The Federal Election Commission's general counsel said yesterday that the agency should delay by 90 days its decision whether to restrict the "soft money" expenditures of groups opposing the reelection of President Bush -- sharply increasing the likelihood that no action would be taken before the November election.
A delay would be a major boost to the presidential campaign of Sen. John F. Kerry (D-Mass.) and a setback for an alliance of campaign watchdogs, the Bush campaign and the Republican National Committee, which are seeking to thwart the activities of pro-Democratic semi-independent political organizations.
Lawrence H. Norton, FEC general counsel, who had been a proponent of tough regulation, wrote that the issue is far too complex to be resolved in a hurried rule-making process. "Even the most conservative approaches raise issues that need to be thought through in a manner that the current schedule makes difficult," he said.
A majority in the six-member commission, which is to take up the issue tomorrow, has already signaled either opposition to the strict regulatory proposals or reluctance to change the rules in the closing months of a national election.
The prospect of delay angered advocates of limitations on soft money.
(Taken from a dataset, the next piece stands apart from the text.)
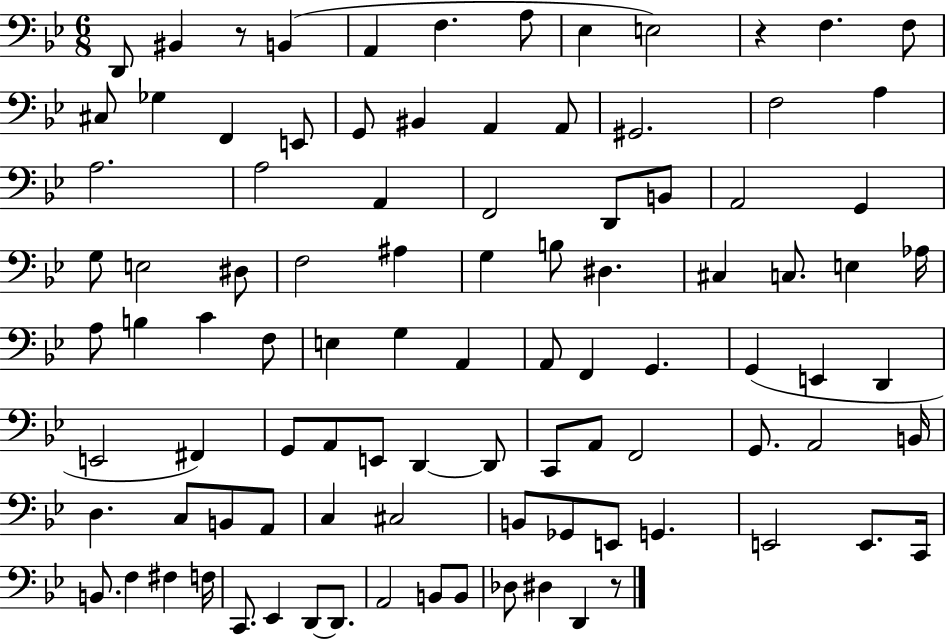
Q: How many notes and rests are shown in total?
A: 97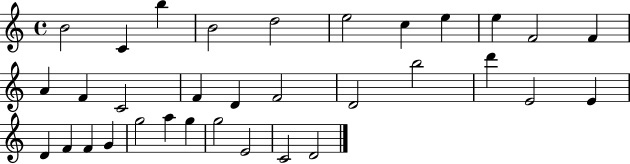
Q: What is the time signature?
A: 4/4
"We need to be very clear about this: Delaying a decision is making a decision -- namely, that we are not going to issue any regulations for the 2004 elections," declared Michael E. Toner, one of two FEC commissioners seeking to curtail the new form of soft-money spending.
"We are going to see a new 'soft money' arms race for the 2004 election," warned Toner, a Republican. He said that if the commission fails to act, there will be a major effort to set up Republican soft-money groups to counter the generally Democratic organizations now in place.
"This proposal by the general counsel is the worst kind of bureaucratic farce. If it's adopted, it would represent a complete abdication of responsibility," said Fred Wertheimer, head of Democracy 21, part of the alliance seeking to prevent pro-Democratic groups from raising and spending large contributions from unions, corporations and rich people.
In 2002, Congress barred the national political parties from raising and spending soft money -- unregulated contributions that sometimes exceed $1 million.
After the enactment of the McCain-Feingold campaign finance legislation, many Democratic activists were convinced that their party would be fatally wounded going into the 2004 election if it had to do without soft money. These partisans set up "527" organizations, named for a section of the tax code, to raise unlimited contributions and to spend the money on activities that were formerly performed by the parties, including voter mobilization and the running of "issue ads."
By the end of March, seven of these new groups had already raised more than $50 million, according to PoliticalMoneyLine, a Web site that tracks campaign money. The Media Fund, America Coming Together and Moveon.org, the three most prominent, had raised $42.7 million.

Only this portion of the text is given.